=== Records for the task ===

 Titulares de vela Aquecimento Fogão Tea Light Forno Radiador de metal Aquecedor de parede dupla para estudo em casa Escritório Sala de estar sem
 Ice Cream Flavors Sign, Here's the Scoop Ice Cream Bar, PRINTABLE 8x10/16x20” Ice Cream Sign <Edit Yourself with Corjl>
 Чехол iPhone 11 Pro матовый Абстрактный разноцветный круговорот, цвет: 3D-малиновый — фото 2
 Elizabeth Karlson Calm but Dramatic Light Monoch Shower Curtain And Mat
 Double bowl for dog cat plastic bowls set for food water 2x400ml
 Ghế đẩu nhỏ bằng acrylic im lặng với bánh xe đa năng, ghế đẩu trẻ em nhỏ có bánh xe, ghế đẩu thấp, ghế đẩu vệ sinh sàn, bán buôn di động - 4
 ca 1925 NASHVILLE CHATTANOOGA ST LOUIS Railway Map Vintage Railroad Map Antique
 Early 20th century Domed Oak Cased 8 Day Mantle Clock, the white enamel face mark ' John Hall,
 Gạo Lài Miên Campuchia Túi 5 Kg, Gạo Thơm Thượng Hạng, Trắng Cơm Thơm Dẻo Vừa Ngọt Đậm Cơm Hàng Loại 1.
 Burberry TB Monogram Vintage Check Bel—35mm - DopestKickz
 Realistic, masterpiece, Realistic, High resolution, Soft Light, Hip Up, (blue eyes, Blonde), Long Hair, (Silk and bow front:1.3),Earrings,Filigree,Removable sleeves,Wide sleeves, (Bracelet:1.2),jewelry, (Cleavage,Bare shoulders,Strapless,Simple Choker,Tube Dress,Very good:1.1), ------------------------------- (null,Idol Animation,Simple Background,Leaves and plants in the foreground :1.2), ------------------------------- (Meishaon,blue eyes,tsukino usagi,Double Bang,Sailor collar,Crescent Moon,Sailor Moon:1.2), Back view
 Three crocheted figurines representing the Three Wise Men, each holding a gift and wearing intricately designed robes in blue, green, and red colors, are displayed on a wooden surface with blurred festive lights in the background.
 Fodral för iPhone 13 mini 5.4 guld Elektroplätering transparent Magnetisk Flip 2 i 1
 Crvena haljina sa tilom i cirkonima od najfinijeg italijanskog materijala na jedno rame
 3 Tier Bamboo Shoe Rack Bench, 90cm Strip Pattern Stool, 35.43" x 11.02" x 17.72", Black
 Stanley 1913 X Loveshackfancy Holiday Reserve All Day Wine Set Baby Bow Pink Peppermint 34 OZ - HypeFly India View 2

===

Exercise instructions: What you return should match, exactly, the stretch of the listing above that runs from the line with "Crvena haljina sa" to its last line.

Reply:
 Crvena haljina sa tilom i cirkonima od najfinijeg italijanskog materijala na jedno rame
 3 Tier Bamboo Shoe Rack Bench, 90cm Strip Pattern Stool, 35.43" x 11.02" x 17.72", Black
 Stanley 1913 X Loveshackfancy Holiday Reserve All Day Wine Set Baby Bow Pink Peppermint 34 OZ - HypeFly India View 2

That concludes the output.